Western analysis of H. pylori SS1 and its isogenic chemoreceptor mutants, showing that each mutant lacks one chemoreceptor. Total bacterial proteins were collected from 2-day CHBA cultures. Proteins were separated on a 10% sodium dodecyl sulfate-polyacrylamide gel electrophoresis gel and transferred to polyvinylidene difluoride membranes. Transferred proteins were incubated with 1:5,000 anti-GST-TlpA22, which reacts to the conserved domain that is shared between all chemoreceptors. The strains are indicated above the lanes, and SS1 ΔtlpB::cat was used for this analysis. The position of each chemoreceptor is shown on the left, and the molecular masses (in kilodaltons) are given at the right.
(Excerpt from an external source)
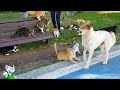 Собака Против 20 Кошек / Случаи с Животными Снятые на Камеру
TlpC is predicted to be a 75.2-kDa protein, TlpA is predicted to be a 74.5-kDa protein, TlpB is predicted to be a 62.8-kDa protein, and HylB is predicted to be a 48.4-kDa protein; the sizes determined in this study agree well with these predictions.

FIG. 3.

Cytokine/chemokine release from AGS cells. AGS cells were incubated with H. pylori wild-type strain SS1 and its isogenic mutants as indicated above the panels. Culture supernatant was collected and assayed using a cytokine array. The six panels show representative arrays from H. pylori SS1 strains. The white box on each array encompasses the IL-8 spots; the two spots above these spots, positive in every sample, are Gro. The group of four spots at the top left and the group of two spots at the bottom right are positive controls. The assays were repeated three or four times for each H. pylori strain; the results of one representative assay are shown.

FIG. 4.

Examples of H. pylori-gastric epithelium interactions observed in infected mouse stomach sections. Stomach samples from C57BL/6 mice infected for 6 months (same mice as those described in Fig. 1 and Tables 3 and 6) were stained with Warthin-Starry stain and visualized using light microscopy with a ×100 oil immersion objective. Bacteria stain dark brown, the epithelium stains gold, and the mucus stains light yellow-clear. A grader who was blinded to the identity of the infecting strain scored every visible bacterium with morphology appropriate for H. pylori as either touching, near, or distant, as described in the text. (A) Examples of bacteria scored as touching (indicated by arrowheads) for each bacterial strain (H. pylori wild-type strain SS1, SS1 cheY, or SS1 cheW). (B) Examples of bacteria scored as near and bacteria scored as distant (indicated by green and blue arrowheads, respectively).